What we know about pre-Katrina New Orleans isn’t very pretty. Indeed, it’s a disgrace. Local government was corrupt and inept, the economy was moribund, crime was rampant. All the symptoms of urban breakdown and misplaced liberal "compassion" flourished like rank weeds in an abandoned back yard. One shove was enough to bring everything crashing down around the ears of the inhabitants of New Orleans. Hurricane Katrina supplied it.
Our political and media elites lack the stomach to face these ugly facts. Instead, we’ll be bombarded with demands for “sensitivity,” “inclusion,” and all the rest of multiculturalism’s futile, feel-good lexicon. If New Orleans were a special case, perhaps that wouldn’t matter so much. But anyone could name half a dozen other major American cities where similar conditions exist right now. How long can we continue to ignore them? And how long will it take for the rot to spread?

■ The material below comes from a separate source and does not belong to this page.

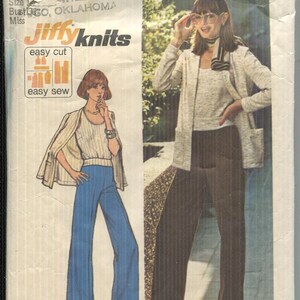 May include: Vintage Simplicity sewing pattern envelope showing two women in knit outfits. The envelope includes the text "Jiffyknits" and "Stretch Knits Only". The size is 14.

We’ve already tried the remedies of progressivism. I’m old enough to remember when liberals confidently predicted that the commitment of a few tens of billions of dollars could eliminate poverty in America forever. Lyndon Johnson told us that our government possessed both the power and the will to do this. No asked at the time whether government possessed the wisdom to do it. Now that hundreds of billions have been poured down the rat hole of Johnson's Great Society, we know the answer to that question.
I admit I don’t know how the whole problem of poverty can be solved, or even if it can be solved. Maybe, as Jesus remarked to his followers, the poor will always be with us. Considering how rich our country is and how much opportunity it offers, most Americans would probably disagree with this, even considering the source. I do think, however, that we could make a decent start by rejecting the pernicious idea that poverty and barbarism go hand in hand.

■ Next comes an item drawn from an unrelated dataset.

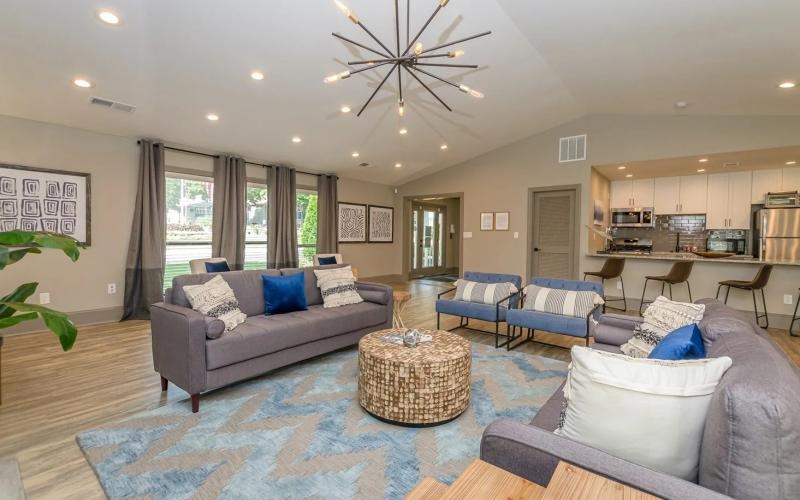 a clubroom with couches and chairs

Progressives assert that the poor ought not to be held to normal standards of civilized behavior. But it’s no compliment to blacks when looting, arson, murder and rape are excused on socio-economic grounds. Such condescension, masquerading as compassion, strips black Americans of their basic human dignity and marginalizes them as effectively as Jim Crow ever did.
It won’t be easy to tell the truth about what happened in New Orleans. The Left will deploy its considerable resources of name-calling and hate-mongering against anyone who contradicts the progressive world-view. But Hurricane Katrina has blown away the fog of political correctness that long obscured the blasted landscape of urban America. There lies the wreckage of the progressive dream, from the New Deal to midnight basketball. Just look at it—but quickly, before the mists close in again.